News (and other content – videos, how-tos, features etc.) won’t be produced in-house anymore, instead, Microsoft has more than 1,000 partners on board to deliver content on a range of topics for a global audience. Behind it all though is a push to maximize its MSN and Bing’s potential – until now they existed pretty much separately, but the beta now ties the two together.
In short, MSN wants to be your new home page, your daily go-to for anything you desire.
Want to add your Microsoft Health + Fitness information directly in the MSN portal? No problem. Want to search and book flights or hotels? Easy. Short on ideas for dinner? The Food + Drink section’s recipe section with integrated shopping lists can probably help you out.
“It’s a strong change in content direction for us, it’s a merging of Bing apps and the MSN website… It’s being mobile-first and cloud-first, as we are,” Steve Lynas, regional director of MSN, told us.
One-stop-shop
It’s this vision of a one-stop-shop that ties together devices, services and content that Microsoft is really aiming at.
These seamless cross-platform vision is facilitated by your Microsoft ID, provided you log in. If you do, all your changes and preferences are instantly synced across your different devices – you won’t need to enter that workout into Health + Fitness more than once, and you can view your daily data each morning on your desktop dashboard, if you want.
“It’s about cleanliness, balance, information – but it’s significantly about making life easier,” Lynas added.
To reflect the magnitude of the changes and bring the branding in line, Microsoft’s Bing mobile apps for iOS and Android will be revamped and rebranded ‘MSN’ over the coming months.
The new home page is customizable too – you can create new sections on topics that interest you and arrange them as you want. Again, these changes are mirrored in the relevant mobile apps too, so if you use the Bing Finance module on the MSN homepage, your stock selection changes will show up in the Bing MSN Finance app.
Across the top of the screen, there’s integration with a range of Microsoft services, like Outlook, OneNote, OneDrive and (soon) Skype, as well as popular third-party services like Facebook and Twitter.

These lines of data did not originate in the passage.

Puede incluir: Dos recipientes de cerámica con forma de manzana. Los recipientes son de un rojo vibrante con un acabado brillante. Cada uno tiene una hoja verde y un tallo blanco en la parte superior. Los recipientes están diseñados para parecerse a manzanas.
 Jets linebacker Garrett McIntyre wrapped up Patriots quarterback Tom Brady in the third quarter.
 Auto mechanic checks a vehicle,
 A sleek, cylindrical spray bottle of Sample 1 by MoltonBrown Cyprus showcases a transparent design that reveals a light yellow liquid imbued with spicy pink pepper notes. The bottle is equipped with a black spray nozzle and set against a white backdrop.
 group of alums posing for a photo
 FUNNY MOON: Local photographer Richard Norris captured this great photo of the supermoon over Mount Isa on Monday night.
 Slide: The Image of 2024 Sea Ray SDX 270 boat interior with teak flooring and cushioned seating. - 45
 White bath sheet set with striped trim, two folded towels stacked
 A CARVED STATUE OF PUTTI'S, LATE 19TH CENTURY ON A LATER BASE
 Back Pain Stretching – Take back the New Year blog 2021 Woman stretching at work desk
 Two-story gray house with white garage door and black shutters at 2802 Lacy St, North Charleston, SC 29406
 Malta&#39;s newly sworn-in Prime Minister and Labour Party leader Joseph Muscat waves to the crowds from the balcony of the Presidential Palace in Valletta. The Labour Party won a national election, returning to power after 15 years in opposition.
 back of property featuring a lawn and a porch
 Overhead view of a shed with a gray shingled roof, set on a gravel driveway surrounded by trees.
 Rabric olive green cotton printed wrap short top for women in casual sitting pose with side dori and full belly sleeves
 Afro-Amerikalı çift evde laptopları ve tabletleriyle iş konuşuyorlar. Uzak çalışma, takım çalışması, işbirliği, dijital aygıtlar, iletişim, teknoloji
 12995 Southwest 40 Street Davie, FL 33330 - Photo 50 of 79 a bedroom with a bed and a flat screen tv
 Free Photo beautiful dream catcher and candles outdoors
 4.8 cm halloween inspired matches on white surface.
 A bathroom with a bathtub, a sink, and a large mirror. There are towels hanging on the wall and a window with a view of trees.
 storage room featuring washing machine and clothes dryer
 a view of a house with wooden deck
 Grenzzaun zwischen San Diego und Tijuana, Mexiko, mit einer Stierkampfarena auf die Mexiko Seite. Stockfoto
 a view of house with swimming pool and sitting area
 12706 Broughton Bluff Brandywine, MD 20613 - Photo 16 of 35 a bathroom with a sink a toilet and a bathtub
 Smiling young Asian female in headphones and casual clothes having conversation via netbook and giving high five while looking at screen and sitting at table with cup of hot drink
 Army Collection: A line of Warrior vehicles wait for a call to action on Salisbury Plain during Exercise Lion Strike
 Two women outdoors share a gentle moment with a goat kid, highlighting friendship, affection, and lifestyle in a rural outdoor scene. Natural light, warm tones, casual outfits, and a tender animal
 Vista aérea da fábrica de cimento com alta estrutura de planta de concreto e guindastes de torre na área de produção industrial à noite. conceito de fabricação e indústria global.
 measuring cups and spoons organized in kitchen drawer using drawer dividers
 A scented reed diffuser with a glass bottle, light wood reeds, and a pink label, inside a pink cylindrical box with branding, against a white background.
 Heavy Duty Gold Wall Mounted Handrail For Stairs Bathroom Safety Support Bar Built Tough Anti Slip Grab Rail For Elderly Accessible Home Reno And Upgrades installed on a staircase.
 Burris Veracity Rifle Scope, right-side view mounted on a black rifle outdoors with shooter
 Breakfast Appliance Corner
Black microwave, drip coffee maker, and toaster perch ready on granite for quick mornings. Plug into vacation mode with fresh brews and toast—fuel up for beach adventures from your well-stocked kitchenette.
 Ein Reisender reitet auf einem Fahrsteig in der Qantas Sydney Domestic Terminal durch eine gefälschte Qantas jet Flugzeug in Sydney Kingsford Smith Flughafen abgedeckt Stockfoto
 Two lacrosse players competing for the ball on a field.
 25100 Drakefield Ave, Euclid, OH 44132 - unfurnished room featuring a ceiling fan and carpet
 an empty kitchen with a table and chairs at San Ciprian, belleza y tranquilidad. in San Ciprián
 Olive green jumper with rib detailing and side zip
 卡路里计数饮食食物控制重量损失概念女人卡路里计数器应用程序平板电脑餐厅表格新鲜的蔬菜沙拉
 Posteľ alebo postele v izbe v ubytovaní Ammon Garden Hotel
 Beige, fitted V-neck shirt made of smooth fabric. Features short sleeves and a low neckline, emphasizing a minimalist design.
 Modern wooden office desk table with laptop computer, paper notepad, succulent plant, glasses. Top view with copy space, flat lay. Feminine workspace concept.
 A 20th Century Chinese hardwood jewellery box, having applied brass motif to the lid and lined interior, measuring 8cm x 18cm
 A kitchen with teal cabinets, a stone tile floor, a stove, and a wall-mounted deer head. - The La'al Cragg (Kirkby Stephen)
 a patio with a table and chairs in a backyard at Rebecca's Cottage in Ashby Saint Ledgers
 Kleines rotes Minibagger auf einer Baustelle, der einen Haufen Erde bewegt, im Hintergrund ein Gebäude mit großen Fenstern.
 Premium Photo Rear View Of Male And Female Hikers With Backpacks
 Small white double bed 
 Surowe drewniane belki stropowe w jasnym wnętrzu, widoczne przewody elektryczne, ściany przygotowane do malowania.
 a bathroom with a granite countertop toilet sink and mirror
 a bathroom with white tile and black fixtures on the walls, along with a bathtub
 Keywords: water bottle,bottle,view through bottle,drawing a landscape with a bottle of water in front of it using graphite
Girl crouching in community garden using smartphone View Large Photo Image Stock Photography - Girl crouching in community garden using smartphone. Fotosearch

MSN UK’s Editor-in-Chief Dominic Eames told TNW that while content won’t be produced in house anymore (it’ll come from the likes of the New York Times, the Guardian, Sky News, Le Monde and the rest of that network of more than 1,000 content partners), there’s still a team of journalists behind the scenes curating the content.
We’re going to a content partnership model…these are some of the best media brands in the world – they’re not just print brands, some are digital-only, and we’re negotiating with more all the time.
This is a complete reinvention, every pixel that you can see is new.
Curating that content will be the key to securing a long-term news readership – plenty of services offer news curation nowadays, but Microsoft will want to make the most of its 450 million unique users per month. In the UK, it reaches 40 percent of the online population. Clearly, with that comes responsibility in its choice of stories to highlight, but Eames assures us that there’s no Microsoft agenda behind the news decisions.
“We have feeds of content coming in from partners and we will curate the best content – what’s quite interesting is because we have global sources of content, we can provide global perspectives as well,” Eames said.
The only situation in which the team will still produce content will be the result of commercial deals, a spokesperson told us.
And how will Microsoft be judging this project? What are the KPIs (Key Performance Indicators), if you will?
“Our KPI is engagement, it’s as simple as that. We want people to believe in it and find that it does make their life different. It’s full of trusted resources, it’s a well-designed platform and engagement has to be our key,” Lynas said.
The beta is available to access now and the full launch will be “in the coming months, before the end of the year”, a spokesperson confirmed.